La dichiarazione del procuratore Caselli giunge all’indomani dell’ennesima decisione di un Tribunale di sorveglianza, chiamato a pronunciarsi sull’ennesima richiesta di revoca dell’applicazione dell’articolo 41 bis da parte dei legali di un condannato per reati di mafia. L’articolo in questione, inserito nella legge 354 del 26 luglio 1975, in materia di ordinamento penitenziario, prevedeva originariamente al primo comma la possibilità per il ministro della Giustizia di sospendere l’applicazione delle normali regole di trattamento dei detenuti previste dalla stessa legge in casi eccezionali di rivolta o di altre gravi situazioni di emergenza ovvero, quando ricorrano gravi motivi di ordine e di sicurezza pubblica, nei confronti dei detenuti (anche in attesa di giudizio) per reati di terrorismo o eversione.


Entrato ufficialmente in vigore nel 1986 con la legge Gozzini, il 41 bis è stato allargato ai reati di mafia dopo (!) le stragi di Capaci e via D’Amelio del 92, in cui persero la vita Giovanni Falcone e la moglie Francesca Morvillo, Paolo Borsellino e gli uomini della scorta.
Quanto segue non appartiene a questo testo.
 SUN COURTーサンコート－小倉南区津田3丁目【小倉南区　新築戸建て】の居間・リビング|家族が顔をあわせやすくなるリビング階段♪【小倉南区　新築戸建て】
Un secondo bis fa da qui giorni capolino sotto il secondo comma dell’articolo 41 bis


2 bis. I provvedimenti emessi ai sensi del comma 2 sono adottati con decreto motivato del Ministro della giustizia, sentito l’ufficio del pubblico ministero che procede alle indagini preliminari ovvero quello presso il giudice che procede ed acquisita ogni altra necessaria informazione presso la Direzione nazionale antimafia e gli organi di polizia centrali e quelli specializzati nell’azione di contrasto alla criminalità organizzata, terroristica o eversiva, nell’ambito delle rispettive competenze. I provvedimenti medesimi hanno durata non inferiore ad un anno e non superiore a due e sono prorogabili nelle stesse forme per periodi successivi, ciascuno pari ad un anno, purchè non risulti che la capacità del detenuto o dell’internato di mantenere contatti con associazioni criminali, terroristiche o eversive sia venuta meno.
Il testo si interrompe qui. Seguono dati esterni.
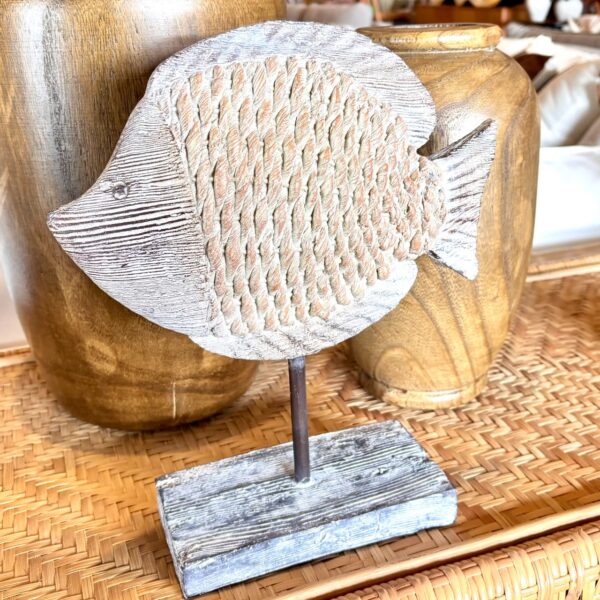 Escultura Peixe em Resina Impotado - 33 cm de Altura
In pochissime parole, il carcere duro per i mafiosi. Inserito allo scopo di recidere ogni possibile contatto del detenuto con l’esterno, e quindi con l’organizzazione criminale di riferimento. Nel 2002, l’agghiacciante comunicato letto del boss Leoluca Bagarella, sentito in teleconferenza dal Tribunale di Trapani. Il governo, afferma Bagarella, non avrebbe mantenuto le promesse fatte in campagna elettorale sulla riforma del 41 bis. La risposta dello Stato sembrò perentoria, con la modifica della misura cautelare, all’insegna di una minore discrezionalità nella decisione, e rendendo permanente il provvedimento. Applausi, sipario. Poi il silenzio.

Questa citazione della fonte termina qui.